Chamomile is the name given to a number of daisy-like flowering plants in Asteraceae family. German Chamomile is native to southern and eastern Europe, but can be found all over the world. It has branched narrow leaves that are reminiscent of those of fennel and the white and yellow flowers resemble large daisies. The plant has a strong, aromatic smell and is most commonly used to make tea, which soothes intestinal discomfort. Chamomile tea is one of Arthur's favourites before bed.
8. Dead Nettle
Dead-Nettles, also known as Archangel, is a flowering plant that is native throughout Europe, growing in a variety of habitats from hedgerows, open grassland to woodland, generally on moist, fertile soils. They flower from Spring through to early Winter in the UK. Looking remarkably like the Common Nettle, but without the tingly, rash-causing sting (hence, "Dead" Nettle), Dead-Nettles are a great plant to forage with kids. The flowers and young leaves of the plant are edible, and can be used in salads, cooked as a vegetable, or dried for tea.
7. Musk Mallow
Musk Mallow is a species of flowering plant that is native to Europe. Growing to about 60 cm tall, it has beautiful pink saucer-shaped flowers that bloom between June - August. The leaves, flowers and seeds are all edible raw. The leaves and flowers are mild in flavour and are good in salads. A tea can also be made from the leaves, flowers, or roots. Musk Mallow can also be used to make a dye and the stems can be used to make fibre for paper making, textiles and cordage.
A staple of every forager's yearly harvest, the flowers of the Black Elder Tree, a deciduous shrub growing up to 6 meters tall, are simply magnificent. The flowers have a long culinary tradition being used to create cordial, wine, gin, champagne, fritters, jams and preserves. This versatility, coupled with their abundance and ease of identification means they had to be in this top ten!
Nothing quite beats the delicate honey fragrance of Meadowsweet on a warm, sunny day. This edible plant is very common throughout the UK and makes a great showing along riverbanks and country roadsides. The young shoots can be eaten raw in salads, and it is also a popular constituent of cordial, wine, champagne, beer, mead, and many vinegars. The fresh flowers can be added to stewed fruit and jams, and many desserts, giving them a subtle almond flavor, and the dried flowers are also used in teas, washes, and tinctures, as well as potpourri.
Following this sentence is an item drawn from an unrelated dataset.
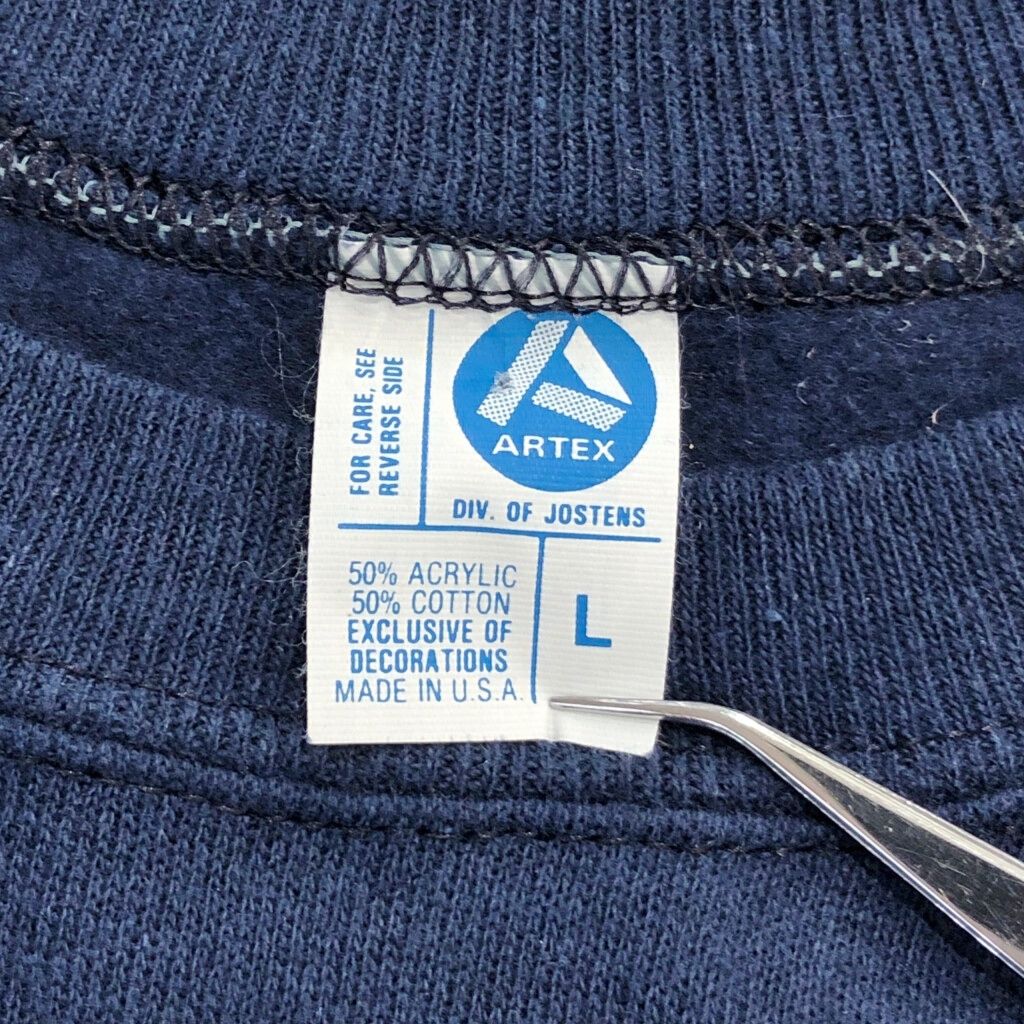 90年代 USA製 ARTEX アルテックス カレッジ スウェット ネイビー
Garlic-Mustard, also known as Hedge Mustard, or Jack-By-The-Hedge, is a biennial flowering plant in the mustard family. It can often be found, as one of it's common names suggests, within the shady bases of hedgerows, where it makes a lovely showing every spring. The leaves are a flavourful mix of garlic, with a hint of mustard, making them a very versatile green with a range of culinary uses. The flowers, seeds, and roots are also edible.
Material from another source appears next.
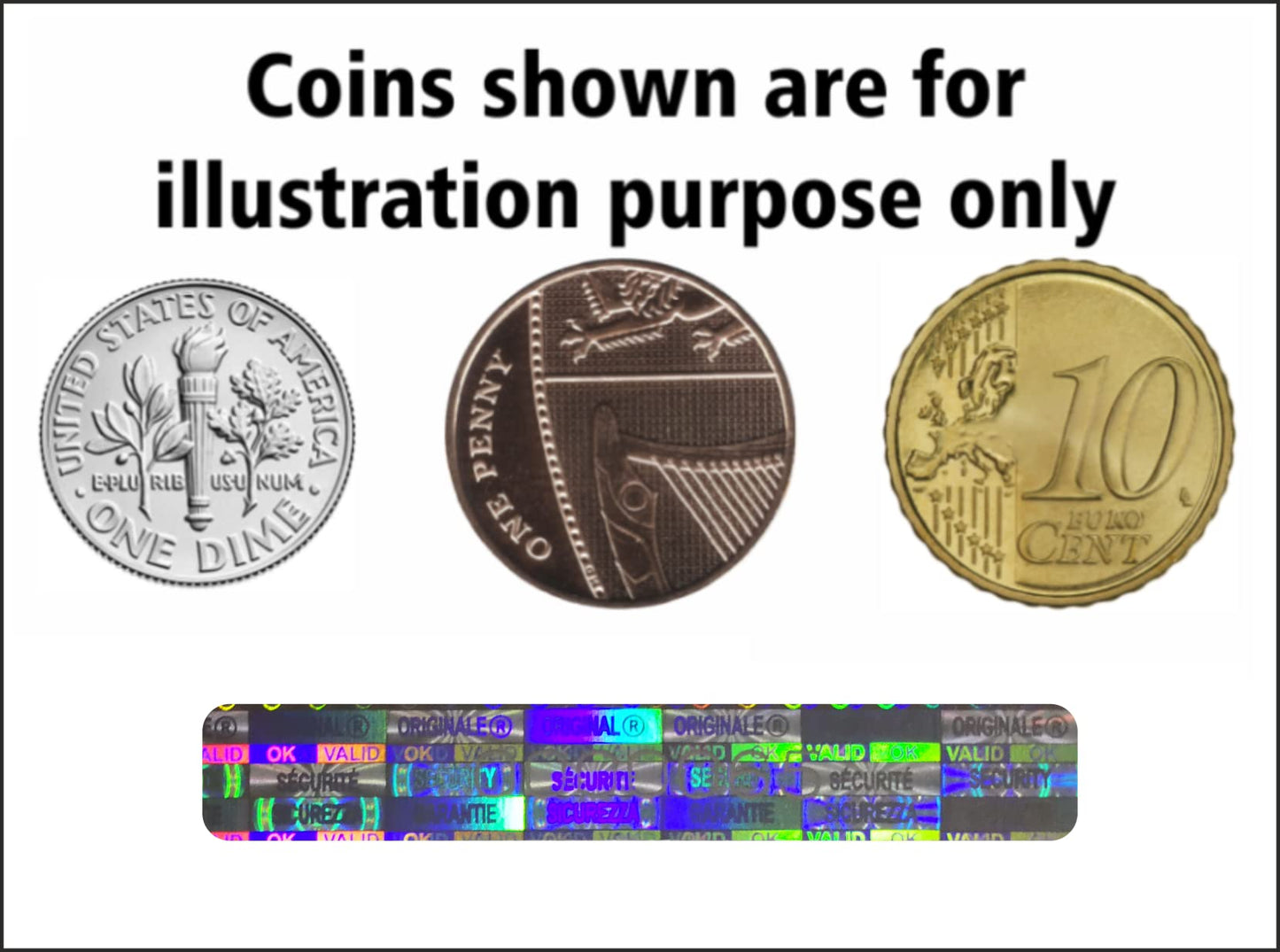 250 pcs Hologram Seals, Security Hologram Stickers, Void Tamper Evident Holographic Labels 1.89 x 0.29 Inch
Everybody knows what a blackberry looks like! And most people know where to find them - whether you live in the middle of nowhere or the middle of a city, Brambles are absolutely everywhere - and those sweet, plump and delicious berries epitomise sunny september childhoods, complete with purple-stained lips. The simple blackberry is where most people start their foraging journey, in fact most people have actually been foraging for years and never realised it!
Haws are the fruits of the Hawthorn Tree, a common and widespread shrub or small tree that is often grown as a hedgerow plant. The tree’s fresh spring leaves are edible, and are often added to salads, or, more traditionally, cheese sandwiches. In the spring, the Hawthorn heralds the end of winter by producing stunning displays of white-pink blossom, which, during the late summer months, turn into plump edible red berries, called Haws, that are commonly used to make jelly, jam, ketchup, tea, and wine.
Many people think that wild apples are small, horrid sour things, and whilst there are some cooking apples out there that fit this description such as Crab Apples, there are, equally, some wonderfully sweet varieties of escaped or naturalised eating apples, too. Apple Trees can be found almost anywhere, from inner-city environments, urban parks and green spaces, the edges of woodland, Hedgerows and even forests.